The discussion opened when Thomas Harder, a cooperative extension professor, suggested using the wording "targets/limits" across the draft so the panel would not be taken as choosing one regulatory regime over another. Harder said the panel "agrees that there's a point at which end discharges to groundwater are excessive, and regional boards should be able to set initial targets limits that all growers should be able to meet within a reasonable time frame, 3 to 5 years." The panel debated whether to identify a specific percentile and Harder and others proposed setting an initial backstop at a high percentile of regional a-minus-r data (an example discussed was the 80th or 90th percentile) while leaving exact metric choice and procedure to each regional board.
Why it matters: panelists argued regional variability in soils, climate and cropping means a single statewide numeric limit would be infeasible and could produce perverse outcomes. Thomas and others said region-driven metrics—supported by region-specific models or discount factors—allow tailoring while protecting groundwater. The panel repeatedly flagged the need to pair any initial targets/limits with technical assistance so growers can reasonably comply.
Points of contention: several panelists raised the concern that hard limits can create a "ceiling" effect, where regulated parties aim only to fall just below the limit rather than continuing long-term improvements. As Thomas put it, experience from Region 5 suggests "when you set a limit, people just end up going right below the limit, rather than actually moving further," a dynamic the panel said should be considered in design and evaluation.
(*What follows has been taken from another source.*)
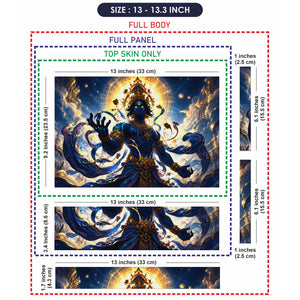 Vishnu Blue Cosmic Gold Crown Laptop Skin - View 6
Some public commenters pressed for stronger, enforceable limits; Tess Dunham, representing Central Valley interests, said the Central Valley’s Nitrate Control Program already embeds enforceable milestones and a removal-of-exception backstop, and argued that in that context additional statewide limits may be unnecessary.
What the panel directed: the group agreed to retain language that regional boards should be able to set initial numeric backstops informed by local a-minus-r (or equivalent) data, and to call out an initial implementation period (panel discussion referenced 3–5 years as an achievable compliance window). The panel also agreed to explicitly state that some regions have already set approaches (for example Regions 3 and 5) and that the report should emphasize procedures to avoid unintended consequences and to include an iterative evaluation process and exceptions protocol (to be detailed elsewhere in the report).
Quotes from the meeting: Thomas Harder: "The panel agrees that there's a point at which end discharges to groundwater are excessive, and regional boards should be able to set initial targets limits that all growers should be able to meet within a reasonable time frame, 3 to 5 years." Public commenter Tess Dunham: "There is no need for limits in the Central Valley when you consider that we have this backstop." Public commenter Kaya Rivers urged the panel to "recommend that the largest contributors are addressed as such," calling for interim limits or backstops for the highest dischargers.
Next steps: Daniel Geisler will incorporate today's discussion into a cleaned draft of the report. Panelists asked staff to ensure the text clarifies whether specific recommendations imply targets, limits, or both, and to add discussion of iterative evaluation and technical assistance in the relevant sections. The panel will review a cleaned draft before it is released for public comment.
Ending: The panel did not adopt a single statewide numeric limit; instead it favored a regionally tailored approach that provides regional boards authority to set initial numeric backstops, coupled with technical assistance and iterative evaluation to limit unintended consequences.